При этом в секретной части договора все три государства, участвовавшие в разделе Польши, признали «необходимость искоренения всего того, что может напоминать о существовании Польского королевства, поскольку ликвидация этого политического института завершена». Кроме того, они обязались «никогда не включать в свои титулы название или общее обозначение Королевства Польского, которое отныне будет навсегда отменено. Однако когда-нибудь им будет разрешено частично использовать титулы, которые им принадлежат, или названия различных провинций этого королевства, перешедших под их правление».
Таким образом, сбылись пророческие слова первого ректора Виленского университета Петра Скарги, который предупреждал: «Из-за ваших раздоров земли и княжества великие, объединившиеся с Короной и слившиеся в единое тело, отпадут и развалятся». «Вы, правившие другими народами, превратитесь в посмешище и предмет для издевательств со стороны своих врагов».
Легионы
Через неделю после подписания вышеназванного договора, стершего польское имя, генерал Ян Генрик Домбровский создал в Милане легионы, поскольку еще 10 октября 1796 года Директории Французской республики был представлен проект образования польских легионов при французских армиях на Рейне и в Италии. Предполагалось, что легионы станут служить основой и школой будущей польской армии. При этом предусматривалось, что они будут состоять из польских офицеров и «галичан, насильственно взятых на австрийскую службу (и взятых в плен), подчиняясь приказам французских генералов и следуя путем, указанным им французским правительством в соответствии с его планами. Если обстоятельства позволят использовать это армейское ядро в Польше, то оно будет увеличено за счет набора, что приведет к формированию армии, которая начнет наступательные действия совместно с Французской республикой. Зародыши этой польской армии будут работать, в частности, над поддержанием готовности патриотов в самой Польше к восстанию. Следовало бы также собрать польских эмигрантов в турецких провинциях, и тогда их корпус отвратил бы Австрию от войны с Францией».

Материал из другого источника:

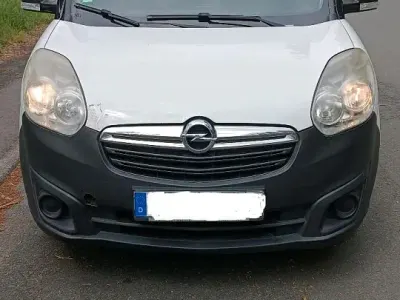 Używany Opel Combo 105 KM (77 kW) 2012 Biały Minivan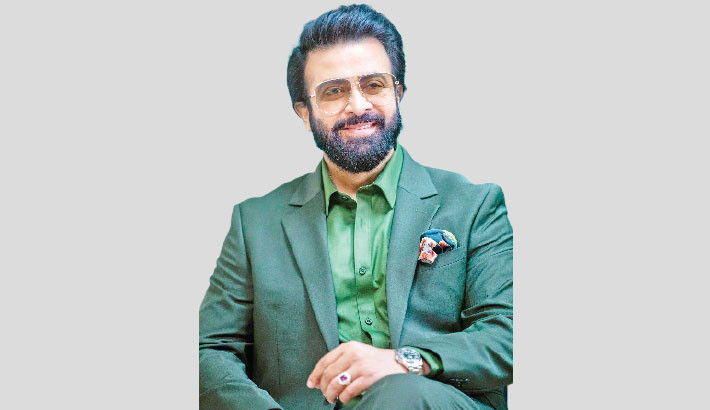 Shakib Khan unveils new look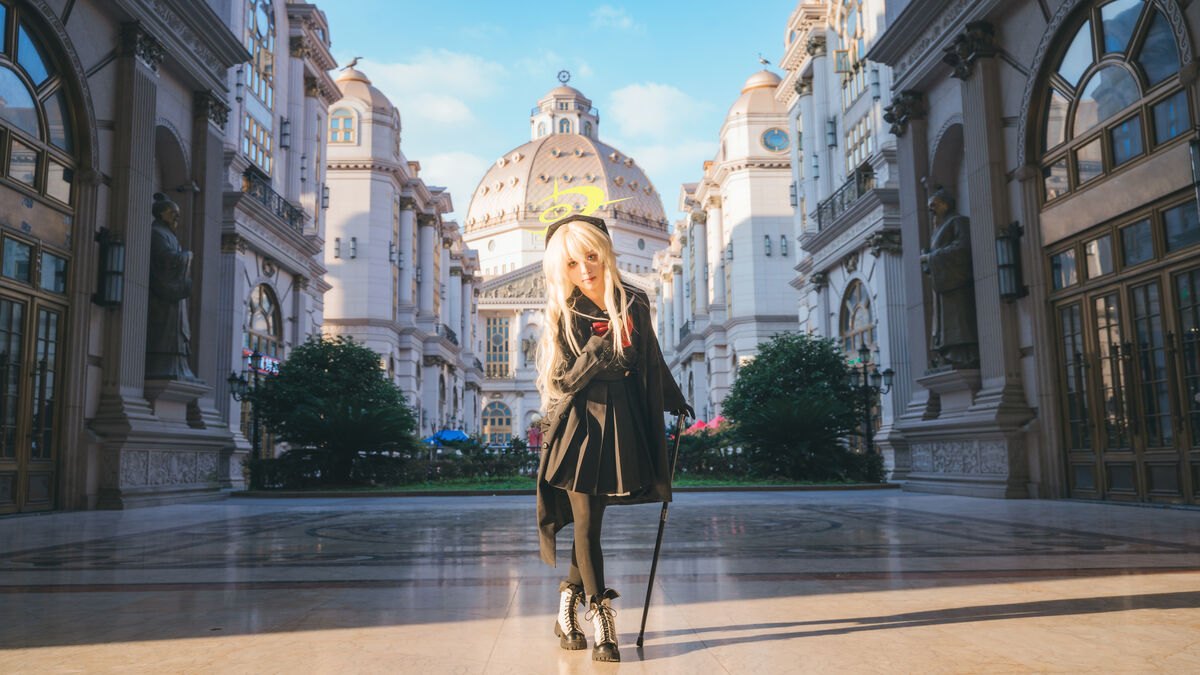 Coser@矢量鱼 - 笑面教授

Случилось так, что французское правительство, первоначально отвергнув этот проект, затем неожиданно с ним согласилось. Генерал Бонапарт, назначенный в марте 1796 года главнокомандующим французской армией в Италии, одержал блестящую победу над поочередно высылаемыми против него австрийскими армиями. Заняв Ломбардию, он учредил в ней Цизальпинскую республику, а для ее обороны решил создать итальянский легион.
Однако этот самовольный шаг победоносного главнокомандующего шел вразрез с политикой Директории, которая, потерпев неудачу в попытке склонить Пруссию к войне с Россией, решила использовать победы над Австрией и любой ценой помириться с ней, а забрав у нее Нидерланды, возместить ее потери именно в Италии. Бонапарт же, создав итальянский легион против Австрии, перечеркнул эти планы. Поэтому Директория вместо итальянского легиона выделила для Цизальпинской республики польский легион, который после подписания мирного договора и компенсации потерь Австрии за счет Италии было легче распустить.

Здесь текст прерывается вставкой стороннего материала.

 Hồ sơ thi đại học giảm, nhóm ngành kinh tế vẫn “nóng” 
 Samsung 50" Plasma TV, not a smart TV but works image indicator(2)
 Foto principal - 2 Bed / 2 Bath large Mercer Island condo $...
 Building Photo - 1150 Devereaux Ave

Домбровский, хотя и почувствовал опасность, в ноябре 1796 года приехал к Бонапарту, завоевал его доверие, обговорил создание легиона и 9 января 1797 года подписал с Цизальпинской республикой договор о «помогающих Ломбардии польских легионах». Сохранив максимально близкие к польским войсковые знаки отличия и военную организацию, легионеры, как и другие ломбардские войска, стали проживать в отдельных казармах, получать припасы, жалованье и все необходимое.
Было также обговорено, что офицерские патенты будут выдаваться по представлению Домбровского ломбардским правительством, а утверждаться генерал-губернатором Ломбардии. При этом легионеры получали право на приобретение ломбардского гражданства, что, однако, не мешало им отправиться по домам в случае необходимости, если Ломбардия станет свободной или не сможет себя отстоять.

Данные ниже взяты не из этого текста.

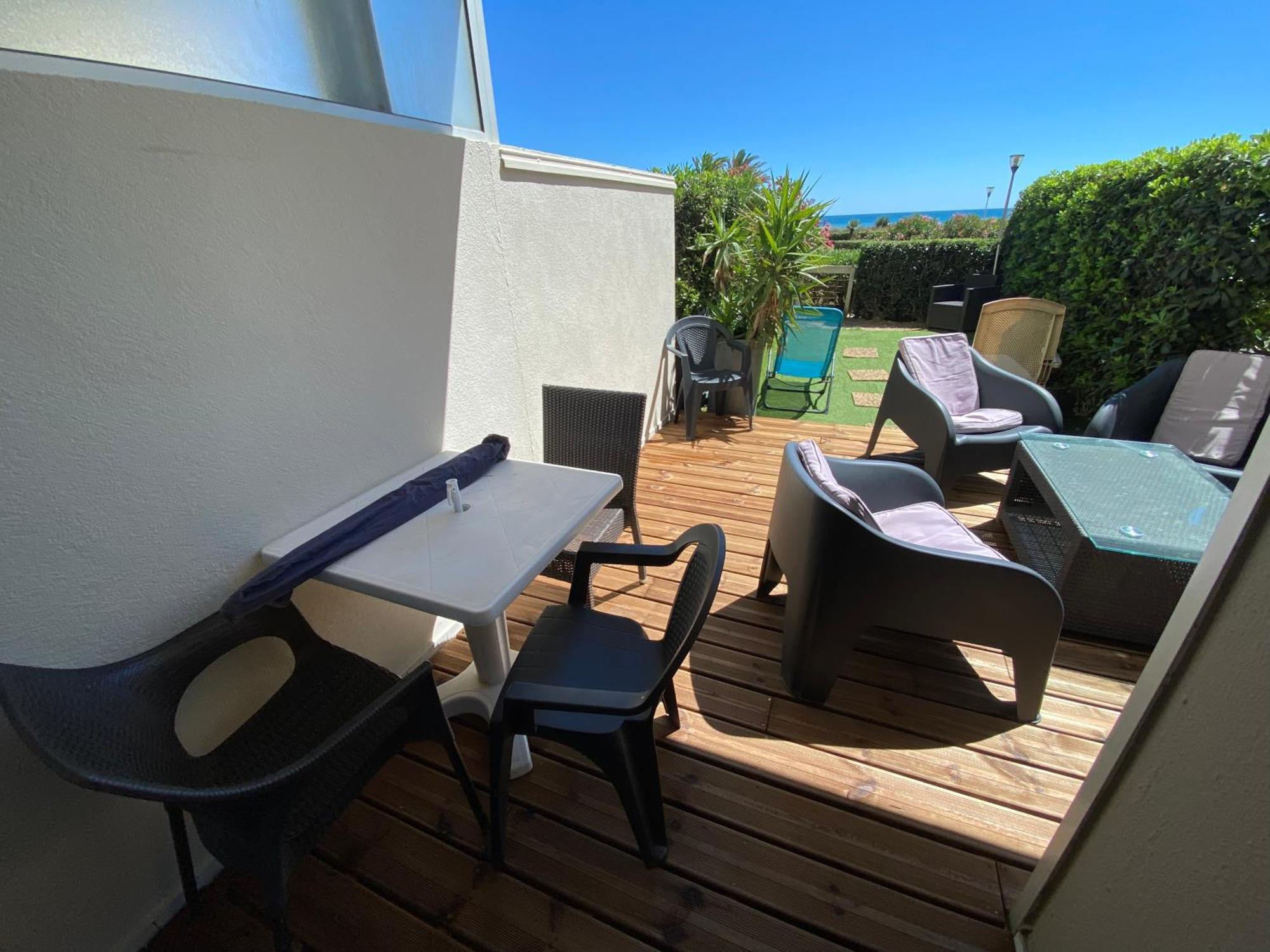 Ferienwohnung Les Pieds Dans L'Eau Canet-en-Roussillon Exterior foto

На основании этих договоренностей Домбровский с жаром занялся созданием легиона, призвав земляков вступать в него в специальном воззвании от 20 января такими словами:
«Поляки!
У нас возникла надежда. Франция дает нам убежище. В ожидании лучших времен для нашей страны станем под ее знамена! Сохраним свою честь и добьемся победы!»
Безжалостно рекрутируя солдат, австрийское правительство призвало в армию в обоих Галициях большое число людей, которые в ходе победоносных битв Бонапарта десятками тысяч попадали в плен, а попав во французские тюрьмы, охотно соглашались вступить в легион. Легион рос в численном отношении, принимал участие в боях, и Домбровский, видя, как Бонапарт победоносно вступил на территорию Австрии и двинулся на Вену, начал предаваться розовым мечтам. Вера в военный гений Бонапарта воодушевляла легионеров. Не задаваясь вопросом, насколько тяжело доставались ему победы и как часто его удача буквально висела на волоске, когда всего лишь одна ошибка могла привести к катастрофе, они верили, что для него ничего невозможного не существует и что скоро он вторгнется в польские земли, а легион, идя вместе с ним, поднимет народ на всеобщее восстание.
Домбровский был даже готов пройти вместе с легионом через Турцию до Валахии и, пополнив его ряды за счет тамошних польских эмигрантов, вторгнуться в Галицию, чтобы устроить там диверсию в интересах Бонапарта. Он не предполагал, что Франция и ее лидер всего лишь хотели как можно скорее воспользоваться своими победами для достижения долгожданного мира с Австрией и, таким образом, отвести от себя возросшую более чем когда-либо угрозу со стороны коалиции17. Весть о том, что Бонапарт, дойдя со своей армией практически до Вены, в апреле 1797 года подписал с Австрией перемирие в городе Леобен, дошла до поляков как гром среди ясного неба.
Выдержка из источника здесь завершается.